Today, the choices we are being offered by the major parties with regards to the current wars are not nearly as stark as they are often presented either. The tens of thousands of troops that Barack Obama would leave behind to occupy Iraq, even after the withdrawal of combat troops over a 16-month period, will still be able to wreak significant havoc. And both major parties couldn’t agree more on escalating the war in Afghanistan, which inevitably means killing more innocent civilians. In fact, the only points of contention between the candidates appear to be over who will send more troops and who said so first.
But what if you’re against killing, period? What if you think that a single-payer, universal health care system is the only solution to our current crisis? What if you are among the vast majority of Americans who opposed the $850 billion bailout for Wall Street? Supporters of Obama argue that now is simply not the time to demand accountability, push for more fundamental change or vote for a third party because the situation is just too dire.
On issues like climate change, however, the world can no more afford the Democrats’ incremental change than the current Republican policy. Leading experts, such as NASA climate scientist Dr. James Hansen, have repeatedly warned that the U.S. must significantly reduce its greenhouse gas emissions over the next few years if we want to avoid the most devastating effects of global warming. Recognizing the gravity of this crisis, Al Gore recently called on the government “to commit to producing 100 percent of our electricity from renewable energy and truly clean carbon-free sources within 10 years.” Obama, on the other hand, denies the need for such drastic action. Even if he reaches his modest goals of eliminating oil imports from the Middle East and Venezuela over the next 10 years and ensuring that 25 percent of our electricity comes from renewable sources by 2025, it will be too little, too late.

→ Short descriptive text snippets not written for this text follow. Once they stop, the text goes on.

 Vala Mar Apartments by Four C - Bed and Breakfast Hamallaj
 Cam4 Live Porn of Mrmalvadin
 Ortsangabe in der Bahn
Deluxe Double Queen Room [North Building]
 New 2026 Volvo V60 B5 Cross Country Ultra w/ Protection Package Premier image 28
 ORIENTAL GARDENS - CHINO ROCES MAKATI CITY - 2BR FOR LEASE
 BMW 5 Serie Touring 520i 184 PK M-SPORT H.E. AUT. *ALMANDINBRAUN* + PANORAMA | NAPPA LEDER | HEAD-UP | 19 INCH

Every four years we are told that we face the most important election of our lifetimes, and that voting for anyone but a Democrat only increases the likelihood of a Republican victory that the country just cannot bear. Anyone who buys this argument must ask themselves: when will the situation in this country and the world not be desperate? When will the Republican candidate not be so terrible that we can afford to think outside the box and build a credible alternative to the two-party system? How long must we make concessions on key issues that quite literally mean life and death to so many? If not now, when should we demand fundamental change for our vote? For the Democratic faithful that day will never come. The lesser of two evils logic will always apply. They will always sacrifice the possibility of electing a government that would enact a truly progressive agenda at the altar of so-called pragmatism.